▶ [Work to complete] All lines from the opening of the entries below through the line containing "Building Photo - 5113 Laurel Ave" must be output exactly as they appear, with no other lines.

Data items
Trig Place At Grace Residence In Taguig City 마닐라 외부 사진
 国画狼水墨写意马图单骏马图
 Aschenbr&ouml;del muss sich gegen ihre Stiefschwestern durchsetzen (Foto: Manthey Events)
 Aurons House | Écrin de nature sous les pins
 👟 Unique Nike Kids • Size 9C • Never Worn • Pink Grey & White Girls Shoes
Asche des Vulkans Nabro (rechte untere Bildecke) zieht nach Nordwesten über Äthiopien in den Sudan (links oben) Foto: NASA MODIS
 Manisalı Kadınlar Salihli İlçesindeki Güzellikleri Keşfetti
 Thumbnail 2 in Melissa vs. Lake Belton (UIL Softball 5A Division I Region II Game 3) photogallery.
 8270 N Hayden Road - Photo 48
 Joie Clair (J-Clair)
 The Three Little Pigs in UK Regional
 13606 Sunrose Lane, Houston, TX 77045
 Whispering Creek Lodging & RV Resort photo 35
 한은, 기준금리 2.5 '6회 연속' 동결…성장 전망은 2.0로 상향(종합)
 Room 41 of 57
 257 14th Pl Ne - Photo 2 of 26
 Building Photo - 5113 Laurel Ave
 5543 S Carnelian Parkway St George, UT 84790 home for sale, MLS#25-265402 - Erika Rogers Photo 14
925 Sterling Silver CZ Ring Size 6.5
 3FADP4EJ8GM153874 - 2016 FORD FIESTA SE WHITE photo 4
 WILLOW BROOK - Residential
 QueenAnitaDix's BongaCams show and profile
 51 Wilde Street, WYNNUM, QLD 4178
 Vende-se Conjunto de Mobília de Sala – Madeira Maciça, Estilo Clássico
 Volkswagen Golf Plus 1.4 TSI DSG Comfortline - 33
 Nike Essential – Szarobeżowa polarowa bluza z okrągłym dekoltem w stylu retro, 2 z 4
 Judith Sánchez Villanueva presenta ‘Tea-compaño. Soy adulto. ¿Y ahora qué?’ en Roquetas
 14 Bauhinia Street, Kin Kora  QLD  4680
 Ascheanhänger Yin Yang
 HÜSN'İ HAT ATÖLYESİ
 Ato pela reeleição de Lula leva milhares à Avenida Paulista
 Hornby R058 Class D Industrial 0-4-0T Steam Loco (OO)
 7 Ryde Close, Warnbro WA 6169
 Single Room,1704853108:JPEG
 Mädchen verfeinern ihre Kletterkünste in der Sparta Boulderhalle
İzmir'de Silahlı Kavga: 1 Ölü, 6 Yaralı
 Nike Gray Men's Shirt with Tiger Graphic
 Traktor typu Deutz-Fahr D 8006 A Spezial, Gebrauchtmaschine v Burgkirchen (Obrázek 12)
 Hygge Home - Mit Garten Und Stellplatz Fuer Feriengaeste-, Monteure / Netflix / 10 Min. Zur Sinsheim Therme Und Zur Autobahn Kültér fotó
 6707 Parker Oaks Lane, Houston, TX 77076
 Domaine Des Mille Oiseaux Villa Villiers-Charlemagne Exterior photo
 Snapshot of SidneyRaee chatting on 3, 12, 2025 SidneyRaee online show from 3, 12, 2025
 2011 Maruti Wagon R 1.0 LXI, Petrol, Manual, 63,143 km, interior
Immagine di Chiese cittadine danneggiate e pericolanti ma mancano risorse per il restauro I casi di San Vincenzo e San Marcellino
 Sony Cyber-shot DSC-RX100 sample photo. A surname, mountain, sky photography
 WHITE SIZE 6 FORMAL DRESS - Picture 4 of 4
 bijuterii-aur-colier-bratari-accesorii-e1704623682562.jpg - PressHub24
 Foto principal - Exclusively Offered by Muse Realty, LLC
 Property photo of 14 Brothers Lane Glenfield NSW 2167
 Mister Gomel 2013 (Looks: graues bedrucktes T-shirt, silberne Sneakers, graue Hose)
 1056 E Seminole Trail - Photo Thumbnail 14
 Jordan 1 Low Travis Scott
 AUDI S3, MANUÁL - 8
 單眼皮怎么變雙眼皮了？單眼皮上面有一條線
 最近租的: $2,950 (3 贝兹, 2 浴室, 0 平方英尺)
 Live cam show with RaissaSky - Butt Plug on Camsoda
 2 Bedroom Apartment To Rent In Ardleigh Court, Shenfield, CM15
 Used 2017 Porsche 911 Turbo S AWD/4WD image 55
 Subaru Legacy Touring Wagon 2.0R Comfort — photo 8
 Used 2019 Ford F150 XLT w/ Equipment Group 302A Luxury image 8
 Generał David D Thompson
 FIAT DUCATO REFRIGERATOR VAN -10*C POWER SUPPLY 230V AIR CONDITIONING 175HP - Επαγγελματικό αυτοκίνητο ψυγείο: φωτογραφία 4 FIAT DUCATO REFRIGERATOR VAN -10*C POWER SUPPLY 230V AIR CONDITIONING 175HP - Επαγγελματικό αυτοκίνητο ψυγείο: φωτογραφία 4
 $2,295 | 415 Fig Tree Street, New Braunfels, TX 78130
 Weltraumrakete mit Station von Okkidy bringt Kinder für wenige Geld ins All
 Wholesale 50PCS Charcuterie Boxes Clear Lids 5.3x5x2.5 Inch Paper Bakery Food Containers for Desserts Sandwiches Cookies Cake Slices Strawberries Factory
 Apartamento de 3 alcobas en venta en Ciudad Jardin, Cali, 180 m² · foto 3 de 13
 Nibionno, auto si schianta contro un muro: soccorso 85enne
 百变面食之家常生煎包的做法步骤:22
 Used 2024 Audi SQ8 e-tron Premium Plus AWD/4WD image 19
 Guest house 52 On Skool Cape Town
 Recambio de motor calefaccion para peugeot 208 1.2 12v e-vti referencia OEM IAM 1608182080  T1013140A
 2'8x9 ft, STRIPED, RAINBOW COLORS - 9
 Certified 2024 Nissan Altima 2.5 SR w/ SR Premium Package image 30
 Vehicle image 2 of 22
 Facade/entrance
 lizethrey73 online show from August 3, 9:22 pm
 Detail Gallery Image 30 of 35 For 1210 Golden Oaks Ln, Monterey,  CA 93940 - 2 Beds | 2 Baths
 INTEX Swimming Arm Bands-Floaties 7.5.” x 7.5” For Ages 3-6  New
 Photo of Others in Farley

▶ [Written answer]
Trig Place At Grace Residence In Taguig City 마닐라 외부 사진
 国画狼水墨写意马图单骏马图
 Aschenbr&ouml;del muss sich gegen ihre Stiefschwestern durchsetzen (Foto: Manthey Events)
 Aurons House | Écrin de nature sous les pins
 👟 Unique Nike Kids • Size 9C • Never Worn • Pink Grey & White Girls Shoes
Asche des Vulkans Nabro (rechte untere Bildecke) zieht nach Nordwesten über Äthiopien in den Sudan (links oben) Foto: NASA MODIS
 Manisalı Kadınlar Salihli İlçesindeki Güzellikleri Keşfetti
 Thumbnail 2 in Melissa vs. Lake Belton (UIL Softball 5A Division I Region II Game 3) photogallery.
 8270 N Hayden Road - Photo 48
 Joie Clair (J-Clair)
 The Three Little Pigs in UK Regional
 13606 Sunrose Lane, Houston, TX 77045
 Whispering Creek Lodging & RV Resort photo 35
 한은, 기준금리 2.5 '6회 연속' 동결…성장 전망은 2.0로 상향(종합)
 Room 41 of 57
 257 14th Pl Ne - Photo 2 of 26
 Building Photo - 5113 Laurel Ave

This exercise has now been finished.